To avoid complications that are common in panel data, for the remainder of this lab we just use data from 2001.
Lets first try linear regression with a binary dependent variable. We will take dependent variable iccRatified, which is a binary variable where 1 is a country that ratified the Rome Statute and 0 one that has not.
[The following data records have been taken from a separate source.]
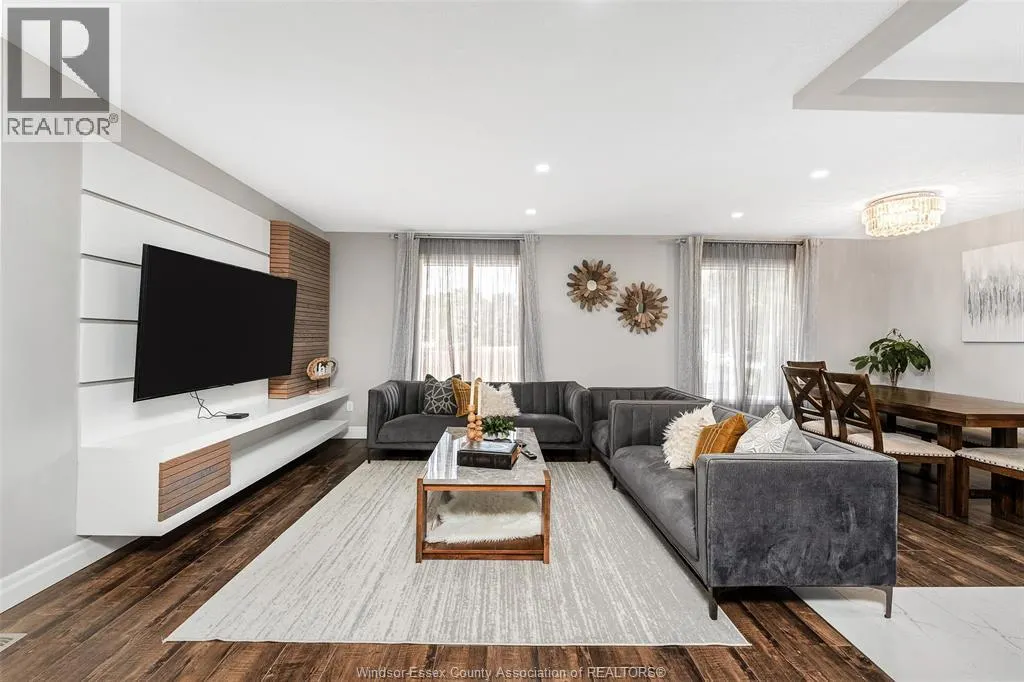 1289 CARRIAGE LANE
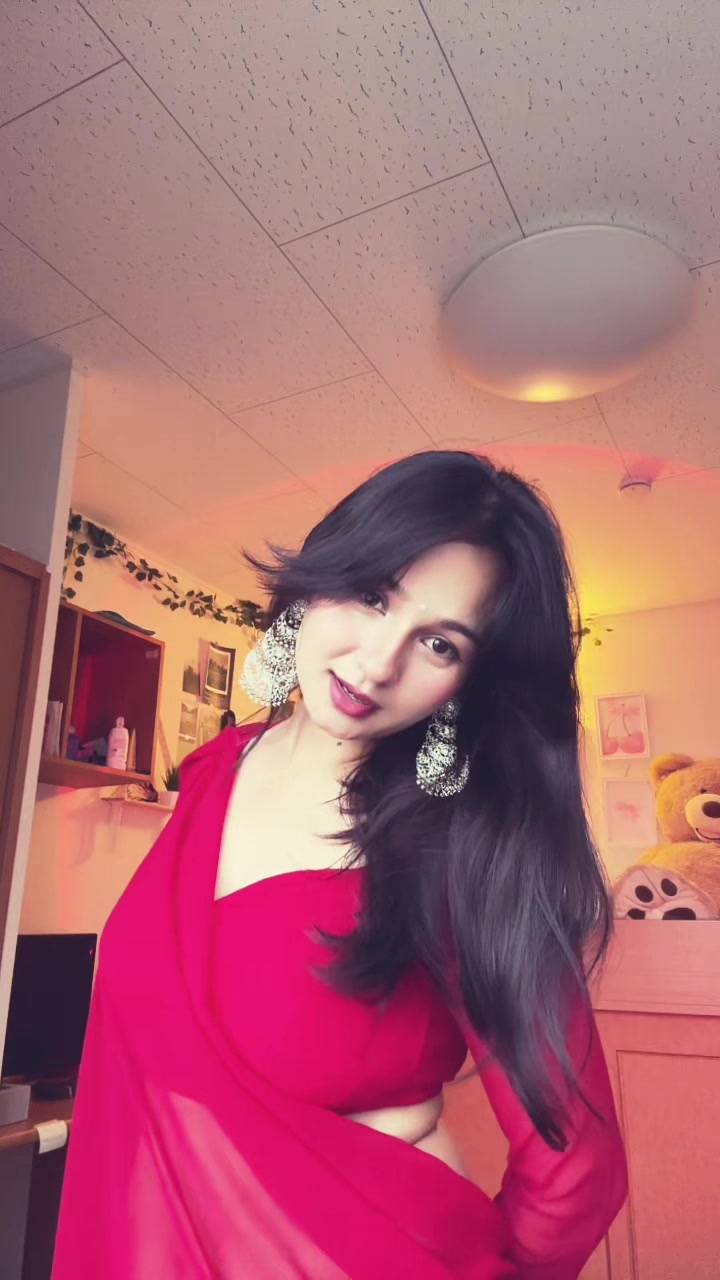 @ALINA🌸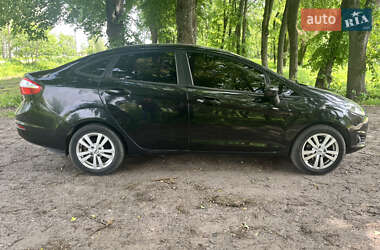 Седан Ford Fiesta 2014 в 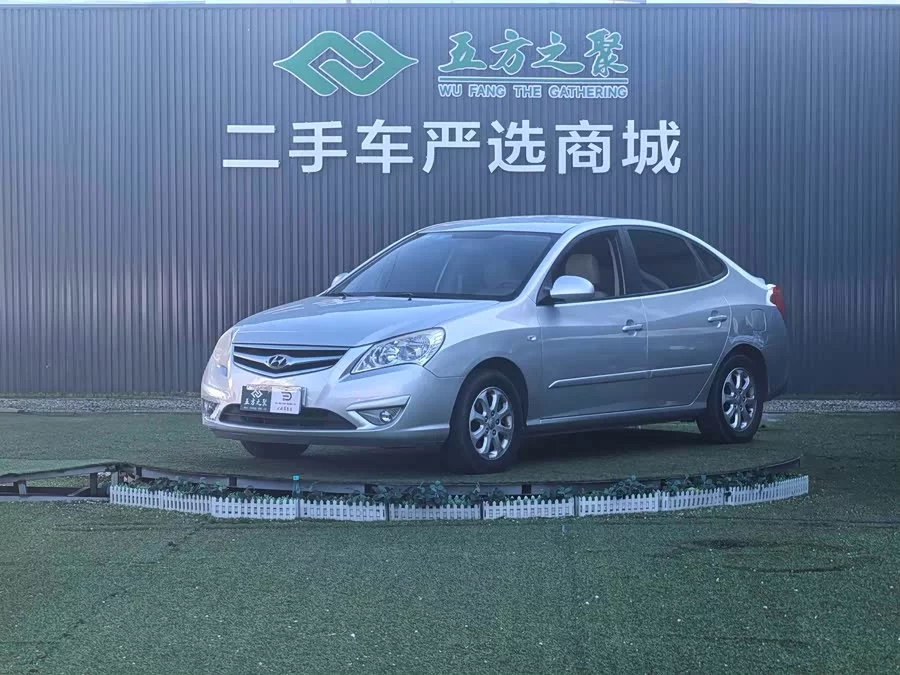 Hyundai Elantra / Celesta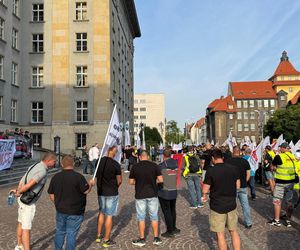 Paraliż w Katowicach. Rozpoczął się protest górników i hutników. Stal się hartuje, a rząd ją rujnuje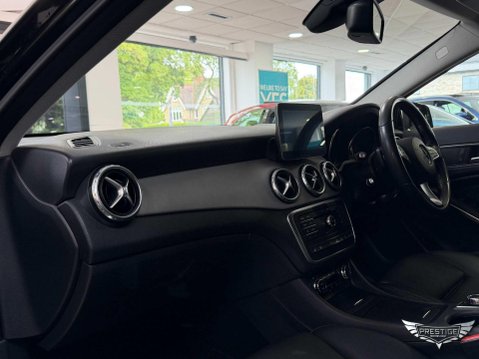 Mercedes-Benz GLA 2.1 GLA220d Sport (Premium) 7G-DCT 4MATIC Euro 6 (s/s) 5dr 22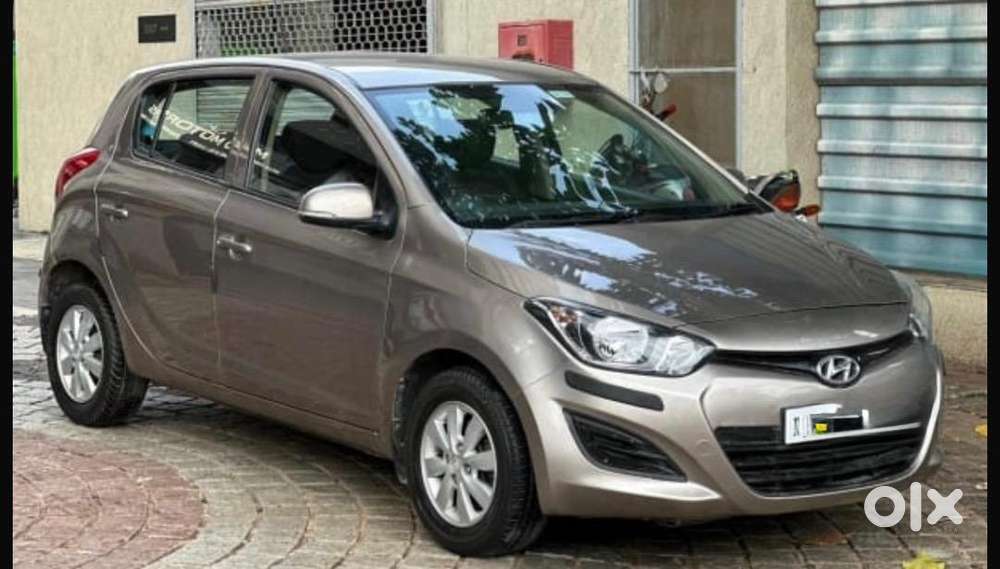 Hyundai I20 2013 Petrol + Cng (outfitted)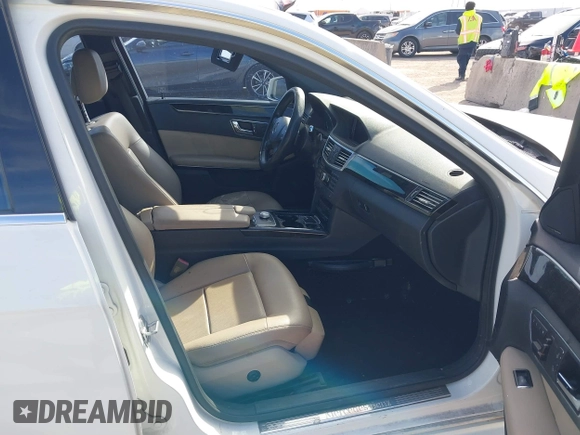 2010 Mercedes-Benz E 350 Luxury с VIN WDDHF5GB8AA027213, выставлен на аукционе IAAI как лот 41348612 с пробегом 183 737 миль миль и . История ставок и продаж доступна на DreamBid. Изображение 5.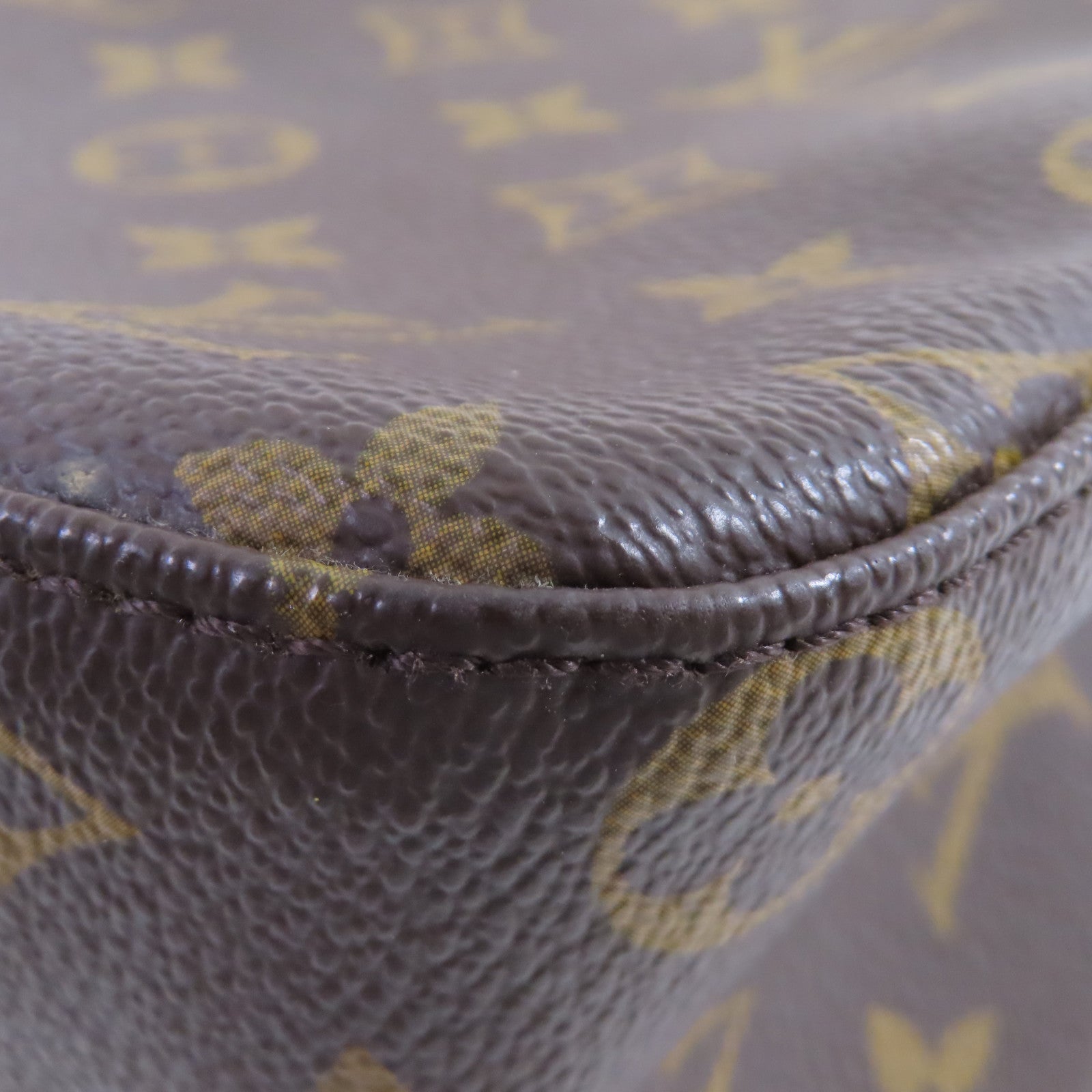 LOUIS VUITTON Monogram Looping MM Shoulder Bag金扣肩背袋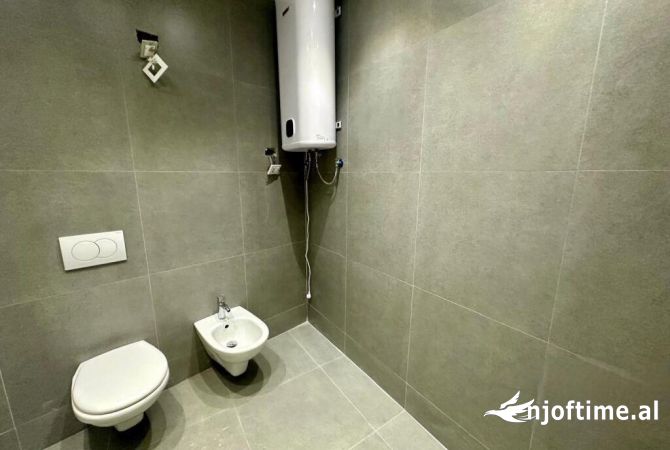 Shtepi ne shitje Apartament ne Tirane, 2+1, Mobilimi Bosh, pa mobiluar, Pagesa 400,000  Euro.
Our key independent variable is democracy, so we could say that we are trying to evaluate whether an important explanation of ICC membership is whether the country is democratic - but most of the analysis is focused on prediction rather than causal inference.
stargazer(lm(iccRatified ~ polity2, data = ross2001),
m1 <- lm(iccRatified ~ polity2 + logoil + lngdp + tradegdp + lnpop, data = ross2001),
type = "html")
Dependent variable: | ||
iccRatified | ||
(1) | (2) | |
polity2 | 0.026^{***} | 0.024^{***} |
(0.005) | (0.006) | |
logoil | 0.013 | |
(0.014) | ||
lngdp | 0.054^{**} | |
(0.026) | ||
tradegdp | -0.0004 | |
(0.001) | ||
lnpop | -0.012 | |
(0.023) | ||
Constant | 0.155^{***} | -0.068 |
(0.035) | (0.445) | |
Observations | 158 | 149 |
R^{2} | 0.160 | 0.224 |
Adjusted R^{2} | 0.154 | 0.197 |
Residual Std. Error | 0.394 (df = 156) | 0.392 (df = 143) |
F Statistic | 29.642^{***} (df = 1; 156) | 8.256^{***} (df = 5; 143) |
Note: | ^{}p<0.1; ^{}p<0.05; ^{}p<0.01 |
designMatrix <- m1$model
olsPredicted <- ifelse(predict(m1) > 0.5, "Ratified", "Not ratified")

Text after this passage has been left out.